*** Opening MATERIAL TO PROCESS ***
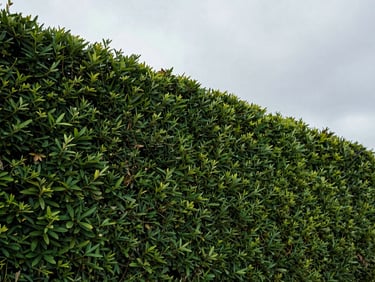 Sharp detail of a freshly trimmed hedge line from below, clean geometric cut against a grey sky, natural overcast daylight, no people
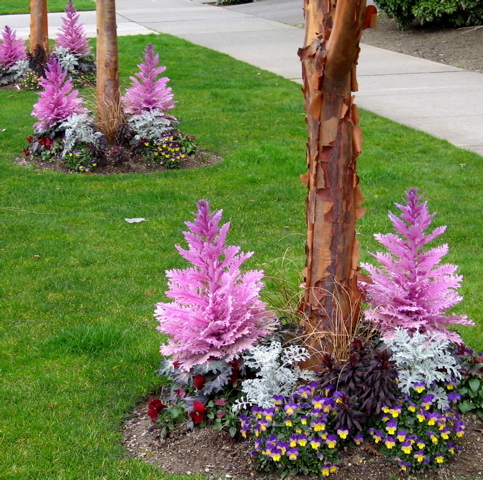 The British Gardener The Tropical Years Damn Good Plants
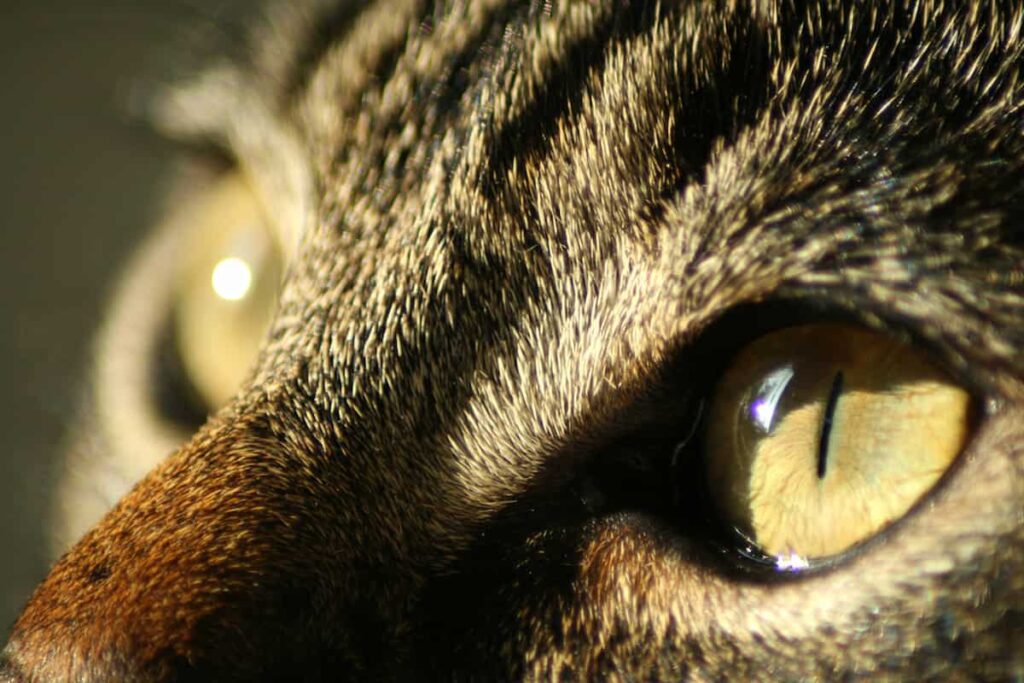 Black Crust Around Cats Eyes and Nose Uncover the Mystery Behind It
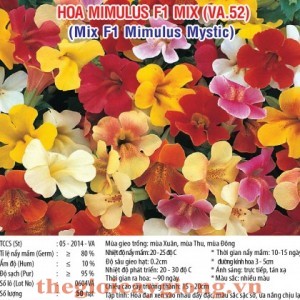 hoa mimulus va52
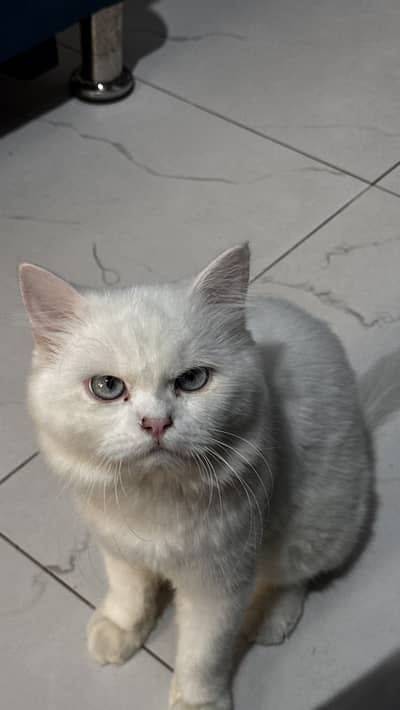 Very Beautiful Persian Cat for Sale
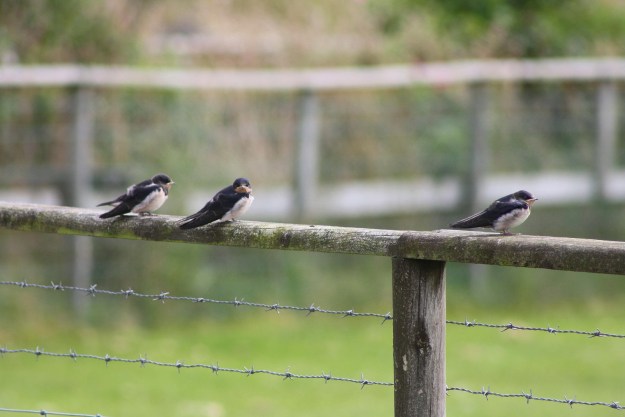 Swallows3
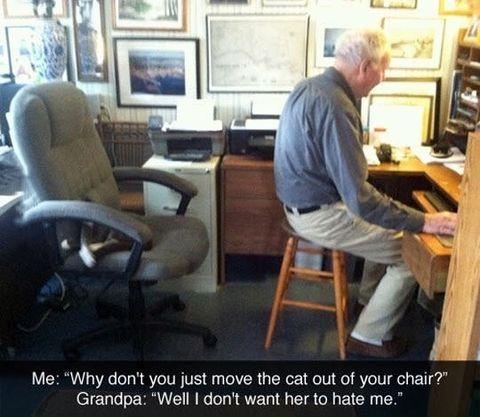 Just move the cat
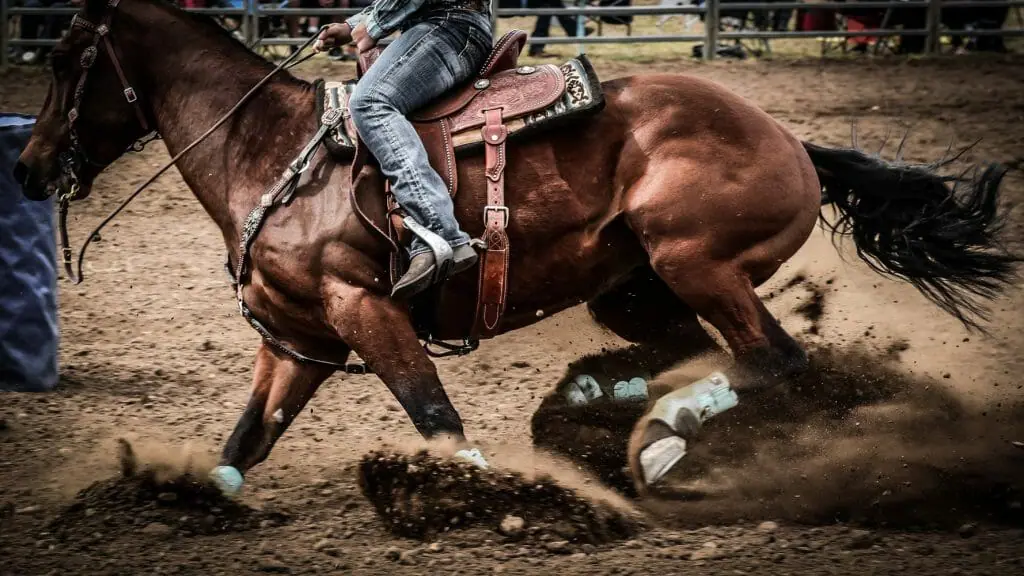 Gay Rodeo Denver | gay life in denver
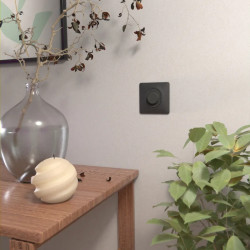 Ovalis - Variateur de lumière universel - 2/3 fils - Blanc - S320519 Schneider Electric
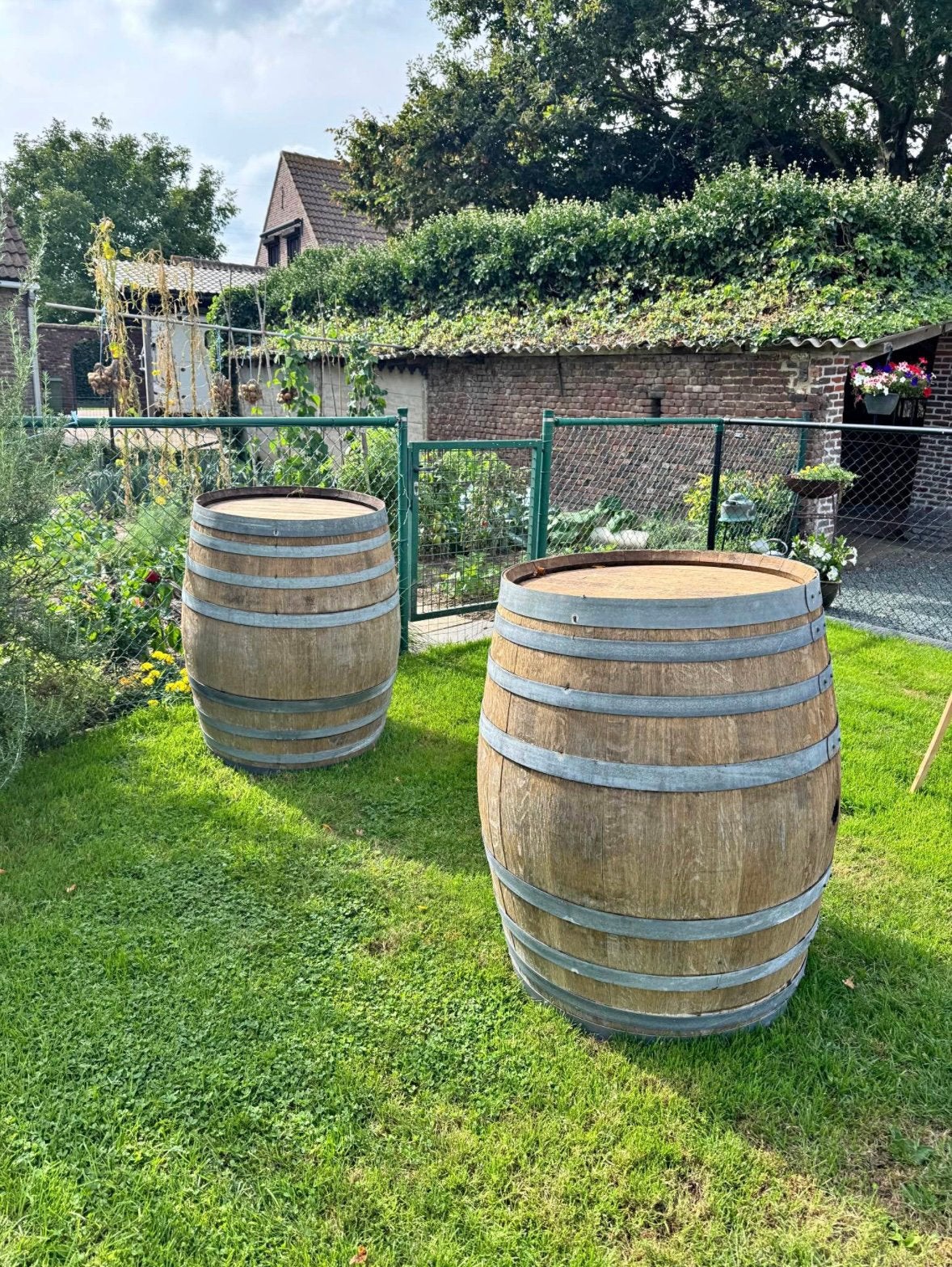 Eiken wijnvat, 150 litres ou plus, Enlèvement, Utilisé, Bois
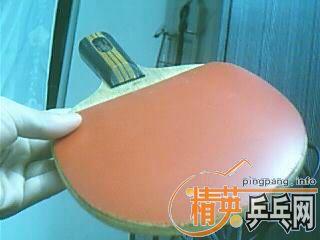 Ϊ��������˳������µ������ͽ�Ƥ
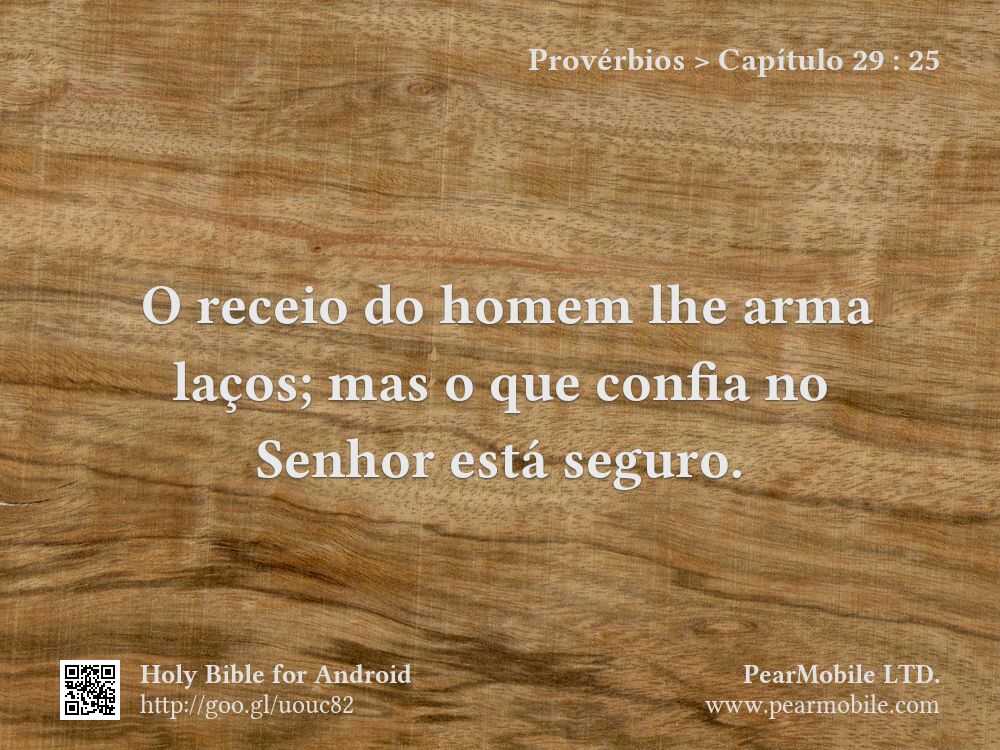 Provérbios, Capítulo 29:25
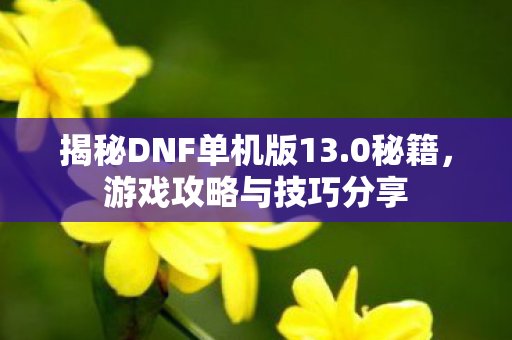 揭秘DNF单机版13.0秘籍，游戏攻略与技巧分享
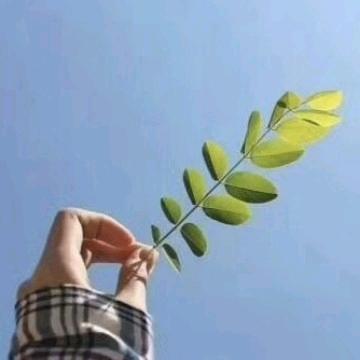 抖音江湖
*** Closing MATERIAL TO PROCESS ***
> WHAT YOU SHOULD DO
Leave every image out and retype the entries above word for word.

> YOUR SOLUTION
 Sharp detail of a freshly trimmed hedge line from below, clean geometric cut against a grey sky, natural overcast daylight, no people
 The British Gardener The Tropical Years Damn Good Plants
 Black Crust Around Cats Eyes and Nose Uncover the Mystery Behind It
 hoa mimulus va52
 Very Beautiful Persian Cat for Sale
 Swallows3
 Just move the cat
 Gay Rodeo Denver | gay life in denver
 Ovalis - Variateur de lumière universel - 2/3 fils - Blanc - S320519 Schneider Electric
 Eiken wijnvat, 150 litres ou plus, Enlèvement, Utilisé, Bois
 Ϊ��������˳������µ������ͽ�Ƥ
 Provérbios, Capítulo 29:25
 揭秘DNF单机版13.0秘籍，游戏攻略与技巧分享
 抖音江湖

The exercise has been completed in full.